Oct 22, 2018 - 4:10 PM
to Oct 22, 2018 - 5:00 PM

Giles Hooker
Cornell University

 

Decision Trees and CLT's: Inference and Machine Learning

This talk develops methods of statistical inference based around the popular machine learning methods of bagging and Random Forests. Our goal is to provide a limiting normal distribution for the prediction made by these methods. This result can then be used to provide a formalized statistical test of the relevance of particular input features, or for the structure of the underlying relationship more generally. We show that when the bootstrap procedure in ensemble methods is replaced by sub-sampling, predictions from these methods can be analyzed using the theory of U-statistics.

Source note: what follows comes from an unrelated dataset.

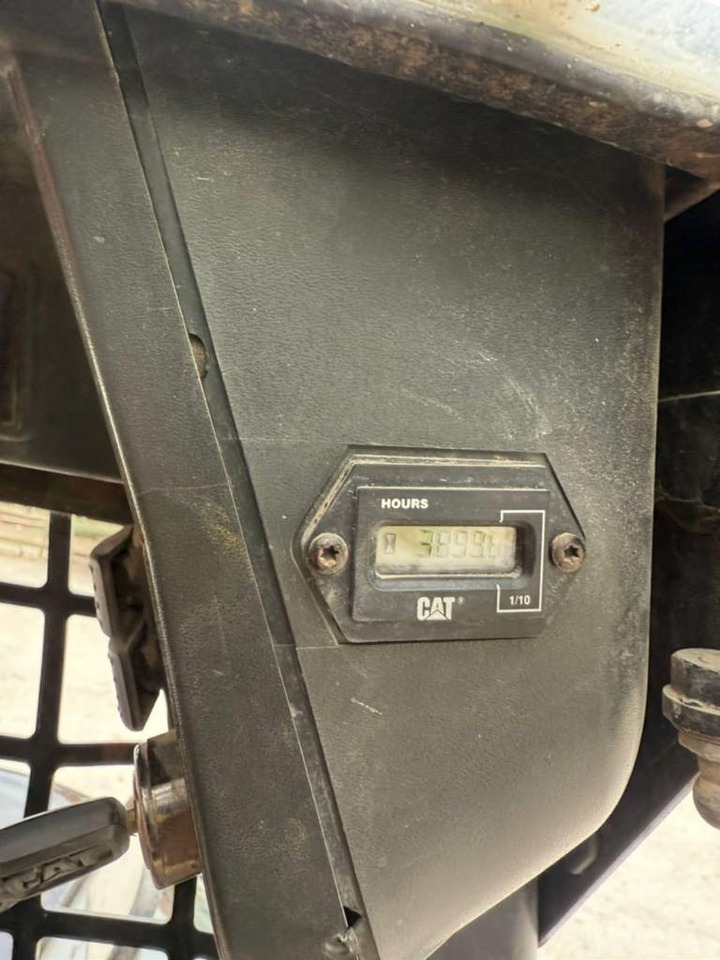 CAT 216 - מעמיס היגוי החלקה: תמונה 4 CAT 216 - מעמיס היגוי החלקה: תמונה 4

Moreover, the limiting normal distribution has a variance that can be estimated within the sub-sampling structure. Using this result, we can compare the predictions made by a model learned with a feature of interest, to those made by a model learned without it and ask whether the differences between these could have arisen by chance.

By evaluating the model at a structured set of points we can also ask whether it differs significantly from an additive model. We demonstrate these results in an application to citizen-science data collected by Cornell's Laboratory of Ornithology.  Given time, extensions to gradient boosting will be discussed.

 


Refreshments at 3:45pm in Snedecor 2101.